_Aim of the exercise_: Leaving out pictures, output exactly the lines below from the one that has "Ownat Ultra Young" through the one that has "2026-2027 Celtic Home Player Version", and nothing else.

*-*-*

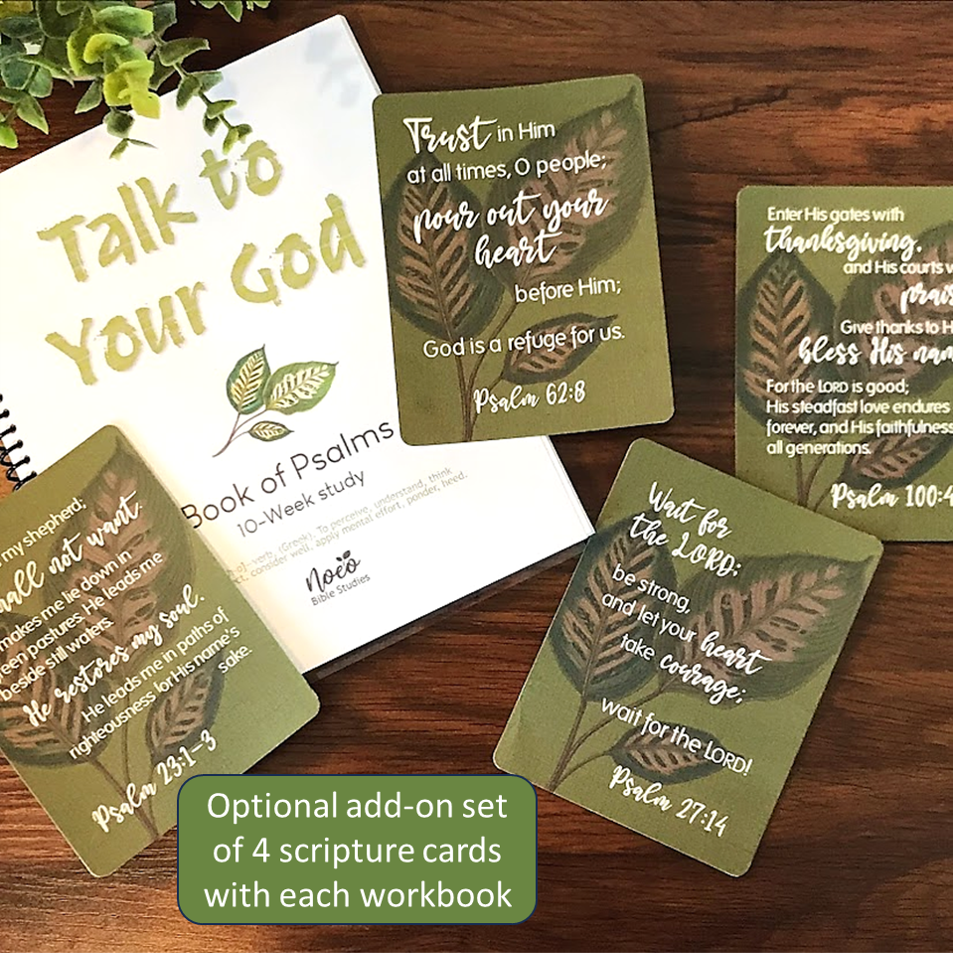 Talk to Your God: Book of Psalms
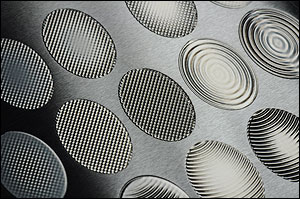 Laser Remelting Produces Structured Surfaces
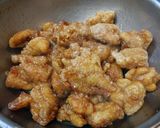 簡単☆りんご酢とハチミツの鶏肉から揚げ作り方6写真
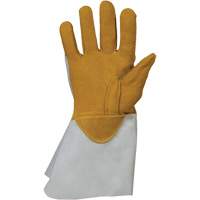 Endura&reg; 335DBP Welding Gloves, Split Cowhide/Split Elkhide, Size Small The Estey Group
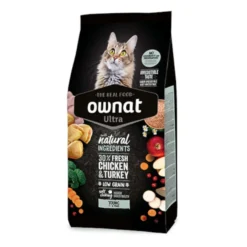 Ownat Ultra Young Pienso Pollo y Pavo para gatos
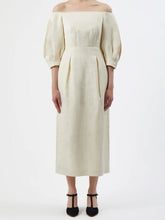 Gabriela Hearst Majano Linen Midi Dress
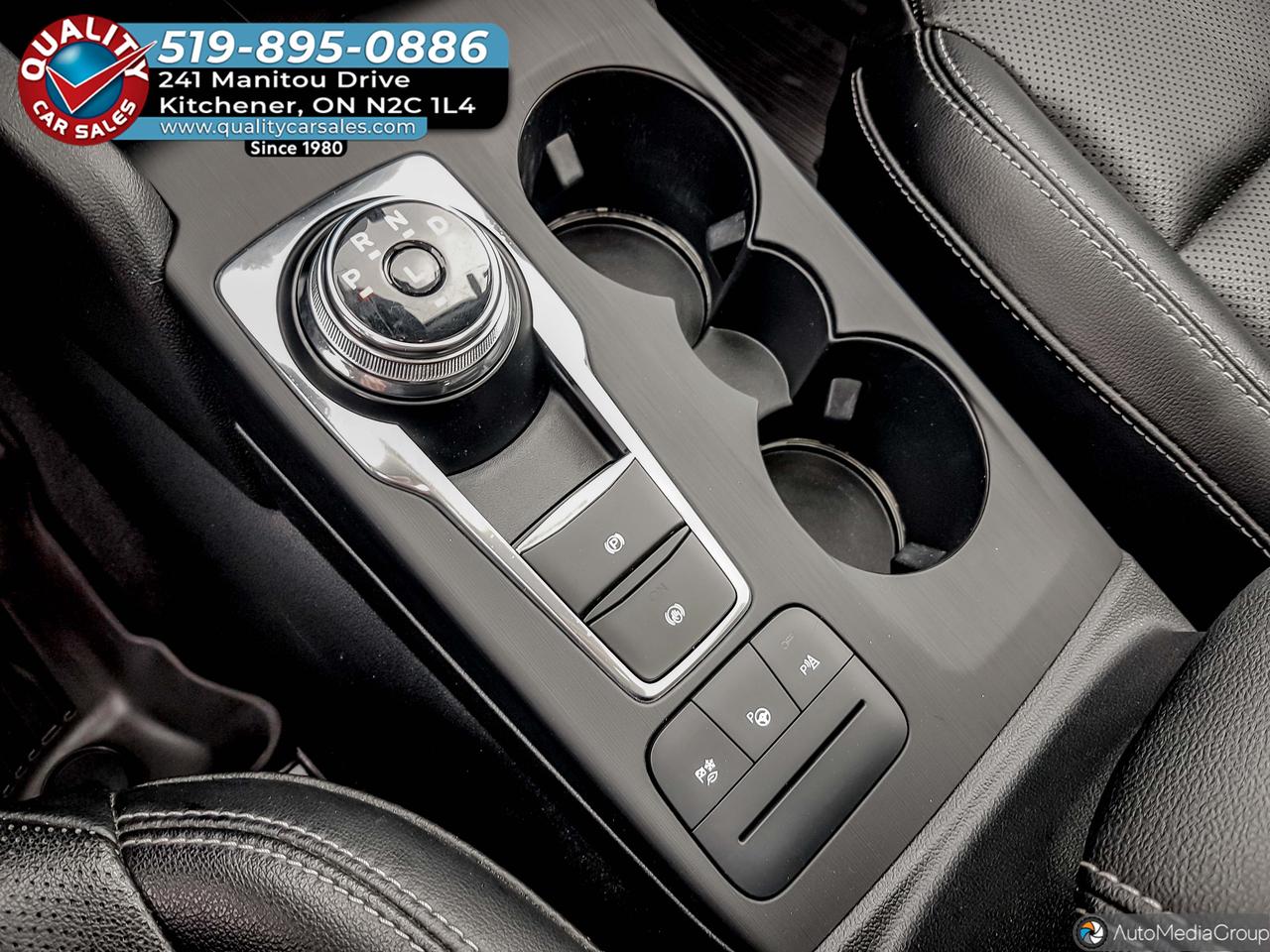 2021 Ford Escape HYBRID Titanium AWD *LEATHER-SUNROOF* Photo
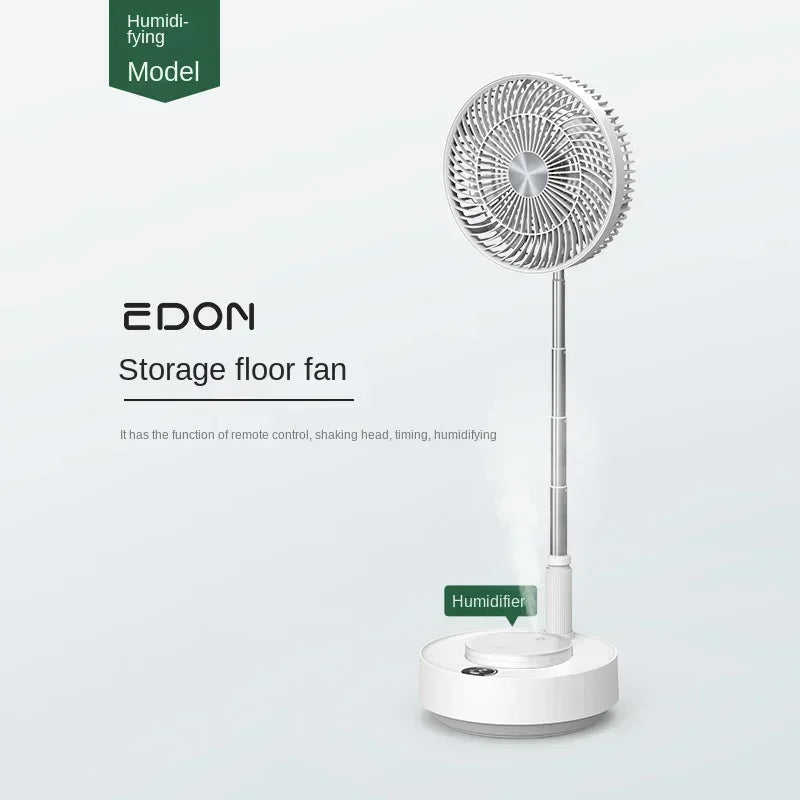 HAOYUNMA Adjustable Floor Fan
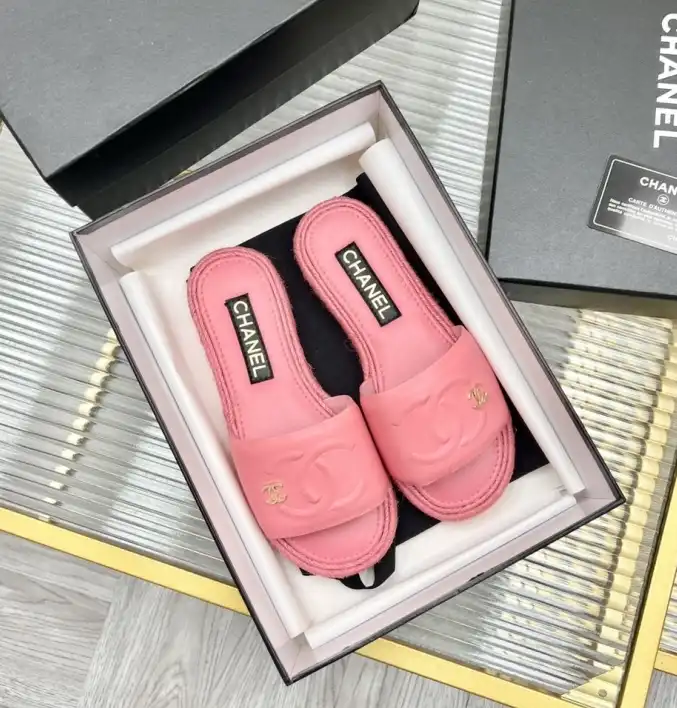 hype Chanel Slippers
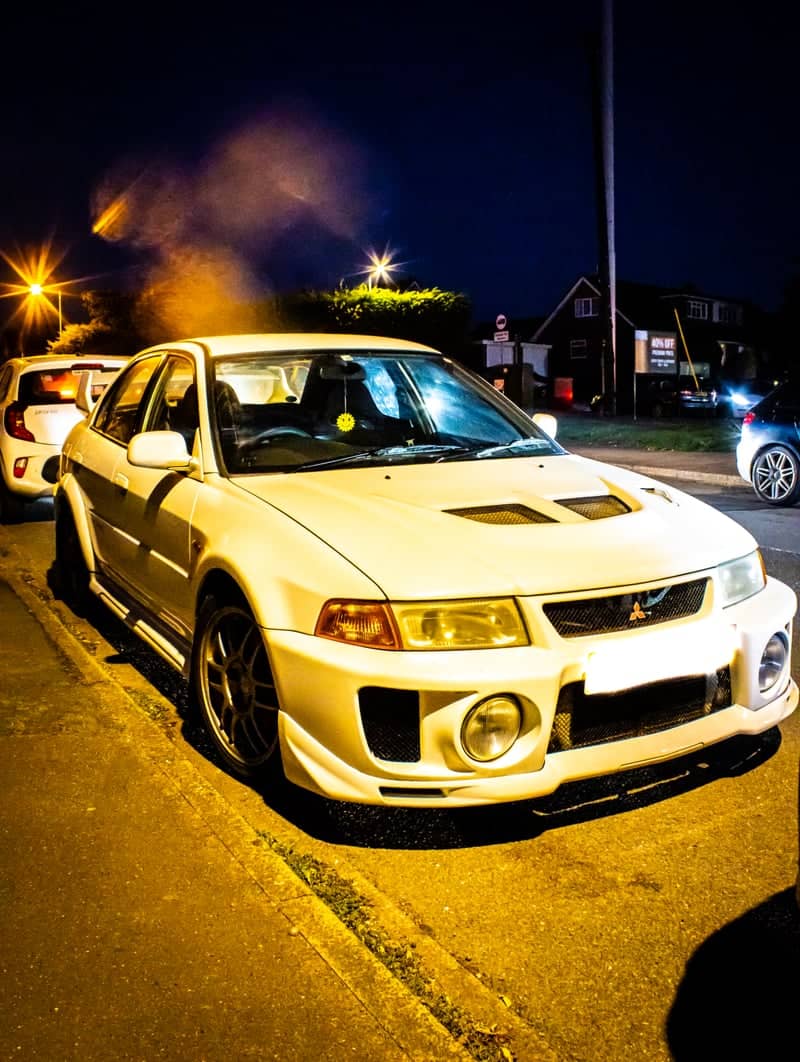Rosliston Road Night Car Spot - Image 1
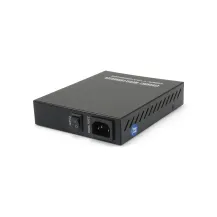 LevelOne FVM-1220 convertitore multimediale di rete 1310 nm Nero [FVM-1220]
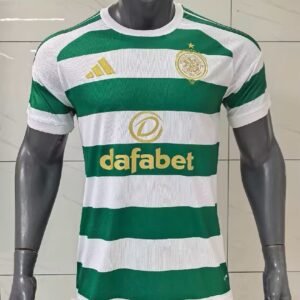 2026-2027 Celtic Home Player Version
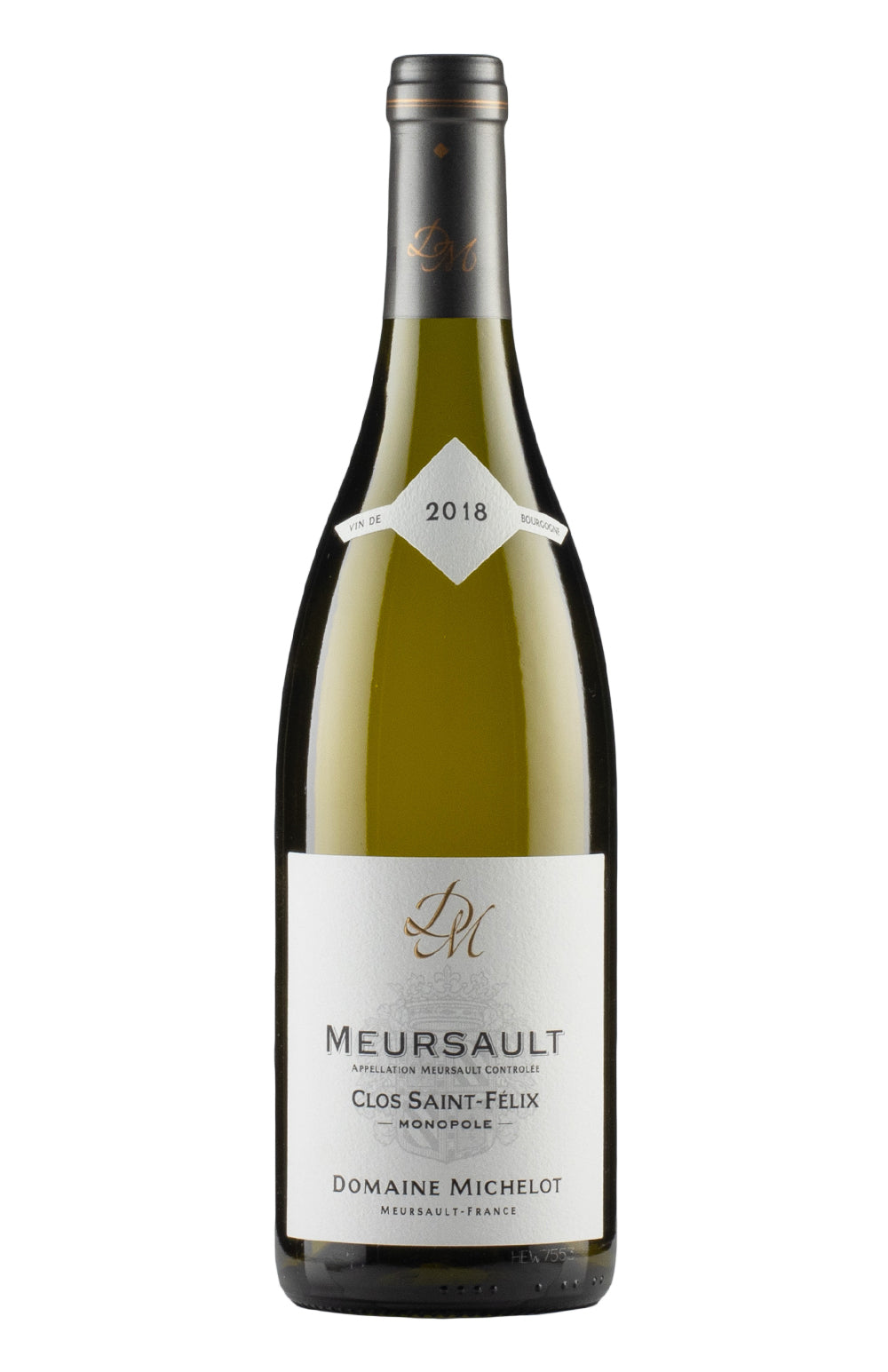 Meursault Clos St Felix Michelot 2018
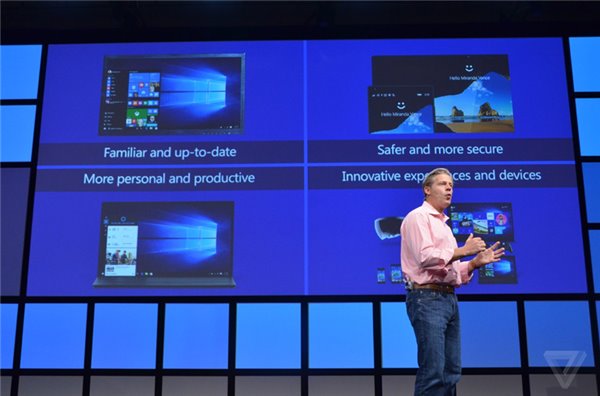 IFA2015：微软Win10 OEM新品发布会图文直播实录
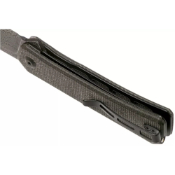 Relic Folding Knife - Micarta Handle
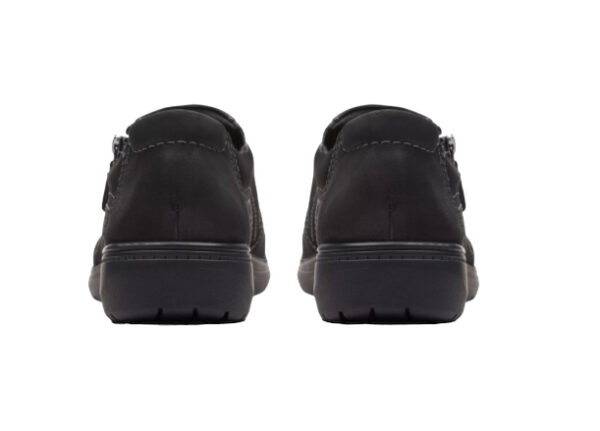 CLARKS CARLEIGH RAY BLACK NUBUCK - Image 5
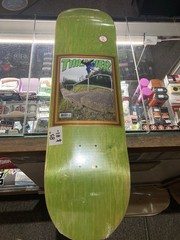 Jamie Foy Deathwish Thrasher Soty Cover Deck Skateboard 8.5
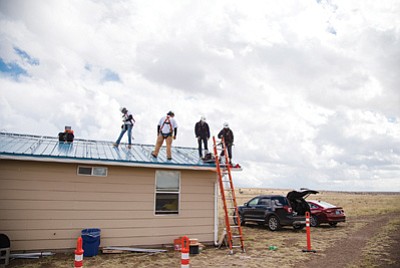 Solar option in Bennett Freeze area (6)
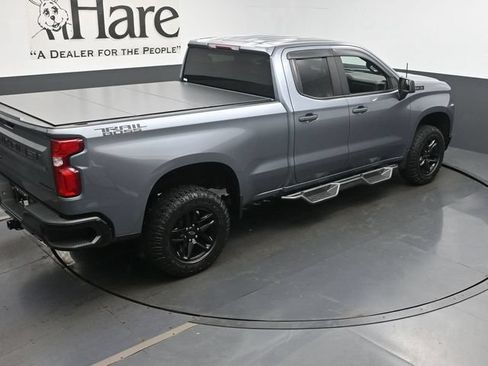 Used 2020 Chevrolet Silverado 1500 Custom Trail Boss w/ Custom Convenience Package AWD/4WD image 56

*-*-*

_Response_:
 Ownat Ultra Young Pienso Pollo y Pavo para gatos
 Gabriela Hearst Majano Linen Midi Dress
 2021 Ford Escape HYBRID Titanium AWD *LEATHER-SUNROOF* Photo
 HAOYUNMA Adjustable Floor Fan
 hype Chanel Slippers
Rosliston Road Night Car Spot - Image 1
 LevelOne FVM-1220 convertitore multimediale di rete 1310 nm Nero [FVM-1220]
 2026-2027 Celtic Home Player Version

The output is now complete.